Fraud was an ongoing risk to the industry. While the company had security systems to protect customers, nothing was “foolproof”, Hunter said.
“We can only do so much. “We’re as much a victim as she is. Someone has stolen $10,000 from us and it’s very unlikely we’re going to get that money back.”
Hunter said the bank should have confirmed in writing it would not pursue the woman for the money, and withdrawn the caveat, before being approached by the Weekend Herald.
“That was a mistake on our part. Our intention was never to pursue her to the ends of the earth for that money.” Oxford Finance had now made a police complaint and passed all necessary documentation to investigators.

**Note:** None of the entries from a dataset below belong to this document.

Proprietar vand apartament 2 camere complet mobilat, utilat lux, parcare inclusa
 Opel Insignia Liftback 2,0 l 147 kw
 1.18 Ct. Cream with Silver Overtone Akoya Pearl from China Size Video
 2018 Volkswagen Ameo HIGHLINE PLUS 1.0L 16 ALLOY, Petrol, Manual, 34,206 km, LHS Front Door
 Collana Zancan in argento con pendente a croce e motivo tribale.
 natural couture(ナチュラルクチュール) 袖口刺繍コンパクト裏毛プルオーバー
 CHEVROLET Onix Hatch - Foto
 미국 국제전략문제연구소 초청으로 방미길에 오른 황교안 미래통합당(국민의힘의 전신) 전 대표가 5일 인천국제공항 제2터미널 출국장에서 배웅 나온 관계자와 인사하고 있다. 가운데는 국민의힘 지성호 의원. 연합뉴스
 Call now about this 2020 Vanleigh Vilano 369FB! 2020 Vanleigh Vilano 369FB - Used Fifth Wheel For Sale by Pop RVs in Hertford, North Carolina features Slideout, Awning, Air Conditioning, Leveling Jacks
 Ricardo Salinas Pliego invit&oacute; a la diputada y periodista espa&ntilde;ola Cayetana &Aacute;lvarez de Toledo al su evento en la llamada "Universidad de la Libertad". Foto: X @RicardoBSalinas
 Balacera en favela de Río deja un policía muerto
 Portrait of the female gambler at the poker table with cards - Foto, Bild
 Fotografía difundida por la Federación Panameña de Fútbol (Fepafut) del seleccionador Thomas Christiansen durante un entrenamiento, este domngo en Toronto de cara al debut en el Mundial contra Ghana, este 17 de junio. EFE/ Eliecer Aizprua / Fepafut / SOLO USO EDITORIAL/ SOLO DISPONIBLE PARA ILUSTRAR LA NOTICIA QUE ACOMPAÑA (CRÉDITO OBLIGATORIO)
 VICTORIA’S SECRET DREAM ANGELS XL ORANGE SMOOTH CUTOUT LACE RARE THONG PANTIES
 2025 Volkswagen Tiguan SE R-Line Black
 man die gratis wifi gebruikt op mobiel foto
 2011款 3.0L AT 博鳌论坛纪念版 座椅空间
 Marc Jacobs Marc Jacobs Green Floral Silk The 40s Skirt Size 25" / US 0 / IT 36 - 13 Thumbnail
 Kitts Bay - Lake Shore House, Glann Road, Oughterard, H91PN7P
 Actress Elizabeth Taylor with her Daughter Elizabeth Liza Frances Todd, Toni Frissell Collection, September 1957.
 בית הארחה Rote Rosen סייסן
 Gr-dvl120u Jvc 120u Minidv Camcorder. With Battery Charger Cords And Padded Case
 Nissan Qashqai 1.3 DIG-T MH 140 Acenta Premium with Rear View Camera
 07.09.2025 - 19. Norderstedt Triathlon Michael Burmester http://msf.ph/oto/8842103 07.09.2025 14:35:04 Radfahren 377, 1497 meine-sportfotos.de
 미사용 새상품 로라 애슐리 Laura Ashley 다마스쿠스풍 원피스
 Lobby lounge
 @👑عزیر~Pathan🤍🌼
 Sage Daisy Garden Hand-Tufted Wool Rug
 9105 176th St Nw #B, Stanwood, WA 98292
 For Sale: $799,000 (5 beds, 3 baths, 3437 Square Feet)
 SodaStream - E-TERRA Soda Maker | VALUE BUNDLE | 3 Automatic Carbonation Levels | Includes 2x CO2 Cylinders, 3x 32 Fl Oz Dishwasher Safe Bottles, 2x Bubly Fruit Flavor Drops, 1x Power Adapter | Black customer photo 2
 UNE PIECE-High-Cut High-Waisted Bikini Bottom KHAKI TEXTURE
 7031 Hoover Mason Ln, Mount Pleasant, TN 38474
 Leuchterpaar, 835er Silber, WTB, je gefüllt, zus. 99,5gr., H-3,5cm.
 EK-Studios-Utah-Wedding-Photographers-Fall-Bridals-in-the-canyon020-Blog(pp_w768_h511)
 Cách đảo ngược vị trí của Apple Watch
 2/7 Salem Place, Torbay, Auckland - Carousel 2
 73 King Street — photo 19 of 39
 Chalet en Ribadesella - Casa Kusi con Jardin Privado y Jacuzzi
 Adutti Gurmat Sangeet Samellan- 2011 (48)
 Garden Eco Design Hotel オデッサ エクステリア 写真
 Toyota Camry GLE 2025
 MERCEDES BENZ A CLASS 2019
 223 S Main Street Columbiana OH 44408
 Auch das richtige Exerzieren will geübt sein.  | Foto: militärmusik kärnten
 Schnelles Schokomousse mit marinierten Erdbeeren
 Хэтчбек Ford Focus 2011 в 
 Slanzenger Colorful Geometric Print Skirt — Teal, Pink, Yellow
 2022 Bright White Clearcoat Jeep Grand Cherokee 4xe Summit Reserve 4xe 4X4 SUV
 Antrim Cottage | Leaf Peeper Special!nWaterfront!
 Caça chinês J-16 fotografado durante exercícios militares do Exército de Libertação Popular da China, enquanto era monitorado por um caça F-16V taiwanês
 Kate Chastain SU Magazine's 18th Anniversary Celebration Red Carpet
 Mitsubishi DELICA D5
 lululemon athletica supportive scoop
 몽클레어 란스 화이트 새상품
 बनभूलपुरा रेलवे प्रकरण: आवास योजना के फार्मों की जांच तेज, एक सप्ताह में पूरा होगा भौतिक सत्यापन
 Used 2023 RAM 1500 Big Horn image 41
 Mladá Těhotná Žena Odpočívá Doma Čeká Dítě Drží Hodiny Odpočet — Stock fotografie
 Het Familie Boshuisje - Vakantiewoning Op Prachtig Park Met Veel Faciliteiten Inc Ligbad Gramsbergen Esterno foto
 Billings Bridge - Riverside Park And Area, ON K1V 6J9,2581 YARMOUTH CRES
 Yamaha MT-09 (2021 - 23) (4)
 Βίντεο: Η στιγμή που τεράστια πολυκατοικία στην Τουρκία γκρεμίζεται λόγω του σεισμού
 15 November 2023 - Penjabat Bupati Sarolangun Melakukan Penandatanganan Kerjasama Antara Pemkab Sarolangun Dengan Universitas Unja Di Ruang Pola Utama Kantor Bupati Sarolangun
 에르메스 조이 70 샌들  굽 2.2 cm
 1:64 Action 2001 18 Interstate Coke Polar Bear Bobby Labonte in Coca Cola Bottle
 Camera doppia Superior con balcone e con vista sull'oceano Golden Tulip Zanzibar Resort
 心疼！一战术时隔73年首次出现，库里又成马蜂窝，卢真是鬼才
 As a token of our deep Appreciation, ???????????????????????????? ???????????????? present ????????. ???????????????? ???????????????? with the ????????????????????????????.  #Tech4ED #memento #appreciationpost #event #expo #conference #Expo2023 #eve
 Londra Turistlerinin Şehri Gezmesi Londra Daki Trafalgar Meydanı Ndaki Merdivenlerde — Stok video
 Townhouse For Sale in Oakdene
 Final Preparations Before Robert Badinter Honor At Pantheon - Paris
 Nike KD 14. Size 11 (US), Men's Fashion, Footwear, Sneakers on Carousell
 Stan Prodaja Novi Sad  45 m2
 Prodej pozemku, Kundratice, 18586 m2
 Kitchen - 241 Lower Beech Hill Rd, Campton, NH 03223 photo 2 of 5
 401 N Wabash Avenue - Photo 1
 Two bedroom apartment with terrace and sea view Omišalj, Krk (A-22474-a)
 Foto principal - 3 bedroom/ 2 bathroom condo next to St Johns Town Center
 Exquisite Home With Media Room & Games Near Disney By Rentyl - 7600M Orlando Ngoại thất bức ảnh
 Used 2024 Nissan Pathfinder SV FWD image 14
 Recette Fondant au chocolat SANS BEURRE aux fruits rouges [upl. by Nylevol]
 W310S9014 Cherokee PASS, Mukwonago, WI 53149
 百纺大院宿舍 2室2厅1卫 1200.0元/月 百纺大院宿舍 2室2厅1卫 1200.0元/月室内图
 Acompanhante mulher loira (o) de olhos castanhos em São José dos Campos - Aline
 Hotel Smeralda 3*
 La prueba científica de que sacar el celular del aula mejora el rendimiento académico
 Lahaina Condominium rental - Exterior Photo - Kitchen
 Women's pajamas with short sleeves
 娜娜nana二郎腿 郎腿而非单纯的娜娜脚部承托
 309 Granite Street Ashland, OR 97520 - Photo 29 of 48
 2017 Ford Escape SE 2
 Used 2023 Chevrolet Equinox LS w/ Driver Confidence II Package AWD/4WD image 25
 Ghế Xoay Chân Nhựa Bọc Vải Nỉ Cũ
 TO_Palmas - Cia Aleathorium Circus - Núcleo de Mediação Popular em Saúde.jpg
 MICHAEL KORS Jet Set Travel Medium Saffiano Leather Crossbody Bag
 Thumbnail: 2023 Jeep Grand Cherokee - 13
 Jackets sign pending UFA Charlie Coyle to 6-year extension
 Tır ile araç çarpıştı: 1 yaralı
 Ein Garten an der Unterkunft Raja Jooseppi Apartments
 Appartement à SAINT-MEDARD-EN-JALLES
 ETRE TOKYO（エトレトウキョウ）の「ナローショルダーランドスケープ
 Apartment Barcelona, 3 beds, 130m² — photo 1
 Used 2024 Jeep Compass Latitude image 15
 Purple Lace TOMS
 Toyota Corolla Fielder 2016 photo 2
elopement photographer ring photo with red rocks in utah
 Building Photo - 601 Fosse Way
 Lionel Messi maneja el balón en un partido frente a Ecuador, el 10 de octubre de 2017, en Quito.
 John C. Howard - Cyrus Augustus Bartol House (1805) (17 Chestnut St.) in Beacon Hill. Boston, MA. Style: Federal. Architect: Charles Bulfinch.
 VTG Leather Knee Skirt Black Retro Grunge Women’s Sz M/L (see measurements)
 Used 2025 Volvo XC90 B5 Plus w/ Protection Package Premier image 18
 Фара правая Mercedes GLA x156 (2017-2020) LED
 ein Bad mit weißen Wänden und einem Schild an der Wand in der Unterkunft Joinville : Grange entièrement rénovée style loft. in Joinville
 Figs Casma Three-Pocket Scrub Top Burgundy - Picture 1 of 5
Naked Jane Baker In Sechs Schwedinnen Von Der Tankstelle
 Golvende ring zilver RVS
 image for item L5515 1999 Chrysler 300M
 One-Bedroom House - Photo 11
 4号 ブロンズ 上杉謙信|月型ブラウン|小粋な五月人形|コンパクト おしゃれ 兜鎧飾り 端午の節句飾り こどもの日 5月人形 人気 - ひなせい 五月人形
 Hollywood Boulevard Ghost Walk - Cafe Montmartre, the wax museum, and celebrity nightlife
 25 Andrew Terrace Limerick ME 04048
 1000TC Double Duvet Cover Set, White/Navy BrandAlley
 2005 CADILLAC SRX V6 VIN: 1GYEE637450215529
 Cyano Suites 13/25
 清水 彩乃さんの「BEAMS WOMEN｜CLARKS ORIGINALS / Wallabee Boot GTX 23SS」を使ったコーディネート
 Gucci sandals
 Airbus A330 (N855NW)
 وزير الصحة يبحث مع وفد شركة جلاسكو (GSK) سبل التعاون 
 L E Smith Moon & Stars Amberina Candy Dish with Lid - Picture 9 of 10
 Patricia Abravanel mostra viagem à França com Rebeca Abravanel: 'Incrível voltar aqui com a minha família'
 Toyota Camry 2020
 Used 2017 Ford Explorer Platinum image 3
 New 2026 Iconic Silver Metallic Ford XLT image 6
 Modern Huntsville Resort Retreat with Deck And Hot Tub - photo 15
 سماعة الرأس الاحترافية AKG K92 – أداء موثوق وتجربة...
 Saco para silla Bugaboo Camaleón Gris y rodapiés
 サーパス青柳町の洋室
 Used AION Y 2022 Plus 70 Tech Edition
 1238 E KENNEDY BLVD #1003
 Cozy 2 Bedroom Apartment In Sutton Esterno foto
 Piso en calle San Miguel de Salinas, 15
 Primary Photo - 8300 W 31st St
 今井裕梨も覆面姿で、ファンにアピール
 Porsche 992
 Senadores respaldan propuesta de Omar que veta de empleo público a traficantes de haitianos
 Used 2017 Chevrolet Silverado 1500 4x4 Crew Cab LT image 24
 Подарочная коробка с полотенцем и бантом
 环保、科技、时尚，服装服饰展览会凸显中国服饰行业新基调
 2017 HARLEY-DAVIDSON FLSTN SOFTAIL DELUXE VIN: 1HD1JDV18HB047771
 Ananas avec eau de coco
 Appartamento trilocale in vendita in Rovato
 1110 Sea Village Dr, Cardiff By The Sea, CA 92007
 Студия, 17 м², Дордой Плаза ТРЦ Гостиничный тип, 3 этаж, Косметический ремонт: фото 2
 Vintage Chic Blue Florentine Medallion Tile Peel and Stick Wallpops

Alternate Finance refused to comment, or confirm whether the woman remained financially liable.
Waitemata¯ East Police Acting Inspector Callum McNeill said police received a report about the fraudulent loans in May and conducted “a number of inquiries”.
They had spoken to the woman, another JP alleged to have witnessed application documents, received documentation from Oxford Finance and investigated bank records.
As a result, investigators had identified “the likely individual involved”.
“Police spoke with the complainant about progressing with a prosecution, however she expressed her wish to try and resolve this matter with the person who is known to her.
“Because of this, the person known to the complainant has not been formally spoken to by police.”
Though the file was inactive, a prosecution could commence at the request of the woman or the finance companies, police said.
In a statement this week, police confirmed one of the lenders had now made a formal complaint and the file had been “reactivated”.
The woman said her grandson had done wrong and should repay the money and face whatever consequences followed.
But she also blamed the three companies for allowing the loans to be processed, and failing to contact her directly to verify the applications.
“It would never have got this far if they hadn’t allowed it to happen.”
A Massey University banking expert, associate professor Claire Matthews, said the lenders should do the right thing and wipe the debt.
“They accept an element of risk. If that risk is realised then they have to wear the consequences.”
Matthews was concerned it had taken media intervention for the companies to make clear the woman was not financially liable. The fraud was “sophisticated” in evading the checks and balances in place.
She expected the lenders would now review their security settings to see what improvements could be made to prevent it happening again.
We’re as much a victim as she is. Someone has stolen $10,000 from us.